15.00 - Common Problems With Data Marts - Teradata Database

Teradata Database Design

Teradata Database
User Guide

Common Problems With Data Marts

Prospective builders of data warehouses are frequently advised to “start small” with a data mart and use that kernel to expand gradually into a full blown data warehouse. This approach to warehousing generally leads to failed projects for several reasons.

Sometimes the new data mart is so successful that the configuration is overrun by user demands. The databases grow too large too fast, response times become unacceptably long, and user frustration leads to searching for other ways to get the answers.

The more common reason for failure is that the data mart is immediately unsuccessful because it is designed in such a way that users are unable to retrieve the sort of information they want and need to extract from the data. Databases are highly denormalized to respond to a small set of canned queries; summaries, rather than detail data, comprise the database so that fine-grained exploratory data analysis is not possible; and support for ad hoc queries is either absent or so poor as to discourage users from bothering with them.

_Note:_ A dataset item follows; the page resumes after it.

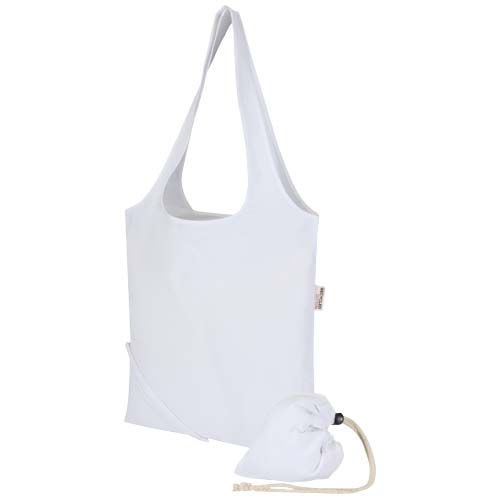 12080501f Madras Blend - torba na zakupy, wykonana z recyklingowanej baweły o gramaturze 140 g/m² posiadającej certyfikat GRS, składana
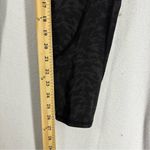 Athleta  Rainer Cheetah Printed Tight Leggings Pocket Reflective Small Black Photo 3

The very factors that frequently defeat data mart projects are also the most commonly recommended approaches to designing data marts and data warehouses in the popular data warehousing literature:

  • Denormalization (dimensional modeling)
  • Storing aggregates at the expense of detail data
  • Skewing performance toward a small, preselected set of queries at the expense of all other exploratory analyses
  • Teradata refers to this approach to building a data warehouse as data mart‑centric. Instead of designing a data warehouse from the ground up, the data mart-centric approach begins with one or several highly customized data marts and then attempts to expand the kernel into a full blown data warehouse at some point.